Comets Almost Ended Life On August 12th, 1883. Time Traveling Morgan Freeman Saved Us.

According to new findings, a wild gang of Earth-fucking comets almost ended life on our Fair Blue Marble. There was no Bruce Willis to stave disaster, but rather chance. Or the Hand of Zeus, if you swing that way.

Gizmodo:

Back in 1883, [Jose] Bonilla observed 447 objects passing in front of the sun over two days from Zacatecas, Mexico; he published his findings in a French astronomy journal. But these objects weren’t observed at larger observatories in Puebla or Mexico City, where much bigger-time scientists were standing their nighttime vigils. Why? At the time, nobody knew for sure. The editor ofL’Astronomie, where Bonilla’s findings were published, suggested that birds, insects, or dust may have passed in front of the telescope.

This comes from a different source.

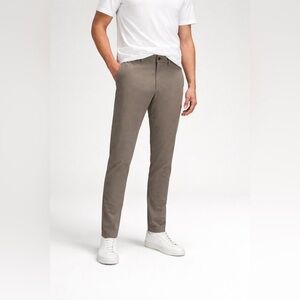 Lululemon Men’s ABC Slim-Fit Trouser 32L Stretch Cotton VersaTwill Color Nomad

The team at NAUM has a different explanation. They propose that what Bonilla observed were actually fragments of a massive, billion-ton comet, and the reason that no one else was able to observe the objects is that they passed so close to the Earth that they were only visible to observers perched on a very narrow slice of the planet. It’s a  parallax  kinda deal. But here’s where it gets crazier: Since Mexico City and Puebla are both only about 400 miles away from Zacatecas, the team at NAUM calculate that the comet passed between 300 and 5,000 miles from Earth. 300 miles is about the distance from Philadelphia to Boston, and possibly all that stood between us and total extinction.

So Bronilla may have observed 447 objects over 2 days, but he was only counting for a total of 3.5 hours. To calculate the actual total number of fragments, the researchers at NUAM took the average number of fragments Bronilla saw per hour and multiplied it out over the entire two-day event. The total: a mind-slapping 3,275 individual pieces, all of which they believe were as big or bigger than the Tunguska event meteor in 1908. The  impact at Tunguska  was by moderate estimations about 15 megatons, or 1,000 times more powerful than Hiroshima. 3,275 of those bombarding the planet over two days would likely be, as the authors of the paper put it, “an extinction event.”